Richard Perkins, a Year 2 teacher at the school, said: “The platform has enabled me to upload tasks that the children can access via their parents. Each week has been structured around a mini topic ranging from minibeasts and pirates to VE Day.
“All the Maths and Literacy work has been developed using the skills framework with the mini topic making it purposeful and engaging so the children are able to see the reason for completing activities.”
Alongside the mini topic each week, children have been set a series of practical challenges, ranging from times table practice to reading and craft activities to real life challenges like tying shoelaces and making a meal, with the aim of helping to encourage independence.
A recent topic has focused on wellbeing using the book The Day the Crayons Quit as the stimulus with work over the coming weeks looking at feelings, empathy and wellbeing.
Mr Perkins said: “The change to online learning from having been in school was quite dramatic – we left school one Friday and on the Monday this whole new world opened up with online learning.
“The responses to the online learning have been incredible with at least 30 pieces being returned daily, and exceeding 100 on some days from my class.
“This hasn’t wavered throughout the time we have been on lockdown with work still coming in thick and fast daily. Parents have been incredibly supportive of the platform and the way I have had to change the norm.”
Ruth Davies-McHugh, a Year 5 teacher at Ysgol Cynwyd Sant, said one of the additional challenges for teachers in Welsh-medium schools had been the lack of activities and resources in the Welsh language.
She said: “We have been creating our own resources from scratch and translating activities for the children. Some teachers have been recording themselves reading books for the children to hear Welsh – a lot of children come from non-Welsh speaking families so they haven’t been hearing the language.”
The school has been using Google classroom, Hwb and Seesaw online platforms, creating online menus every two weeks on the six areas of learning and experience which includes Literacy, Maths, and Health and Wellbeing.
Mrs Davies-McHugh said: “We’ve been focused on putting each subject into an everyday context – for example in Maths, we looked at the measurement of two metres – what would be two metres, what would be more and less. We’d previously done work on Roald Dahl – he would have been about two metres, and Alun Wyn Jones. When they come back to school, they’ll know what two metres looks like.

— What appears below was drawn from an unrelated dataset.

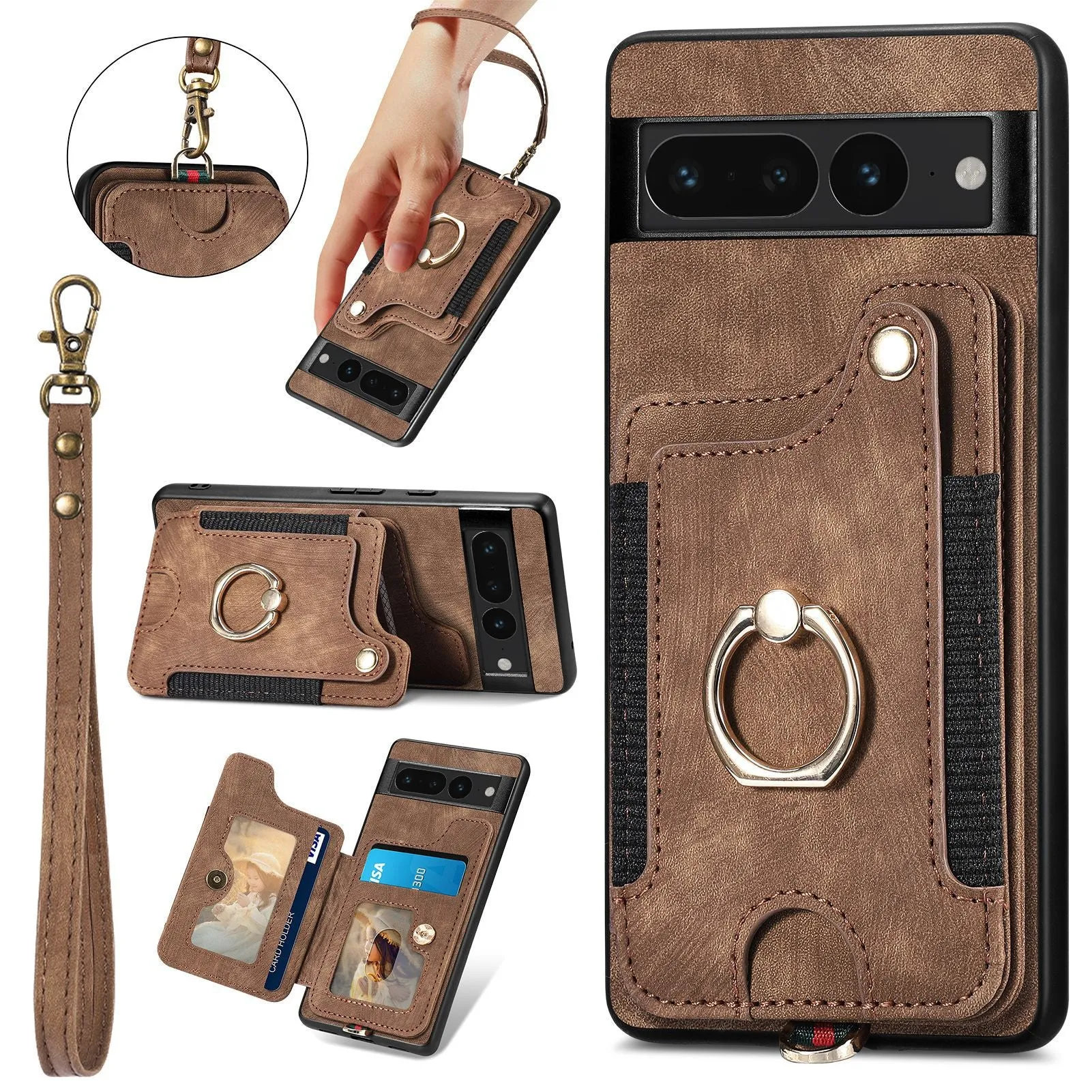 RFID Cards Solt Wallet Leather Case Magnetic Ring Holder Kickstand For Google Pixel987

“Topics have included VE Day, the background and history of the NHS and Aneurin Bevan, and coronavirus – looking at what it is and undertaking the little experiment involving pepper in water which moves away when you have soap or hand sanitiser on your hands, demonstrating the importance of washing your hands.
“We’ve encouraged children to take part in the online PE classes with Joe Wicks and Carol Vorderman’s Maths site, BBC Bitesize and Natwest’s Moneysense which is about financial literacy.
“The children were used to using various online platforms in school so it’s been easier to use them at home. We also set up ‘how to’ guidelines with short videos and slides for parents.
“Some children are really flourishing working from home. For those children on the autistic spectrum or who are dyslexic the online software is great as they can press a button and speak into it – they don’t have to type in their answers.
“There’s been all kinds of creativity from the children.”
The Leader, Cllr Huw David, said: “Our teachers have been doing an incredible job during this unprecedented and very challenging period of school closure.
“They have created a wealth of online resources and used innovative ways of ensuring learning continues for our school children while making it accessible for parents at the same time.
“It’s been a huge team effort from all staff, some of whom have been juggling childcare and overseeing home-learning for their own children at the same time.”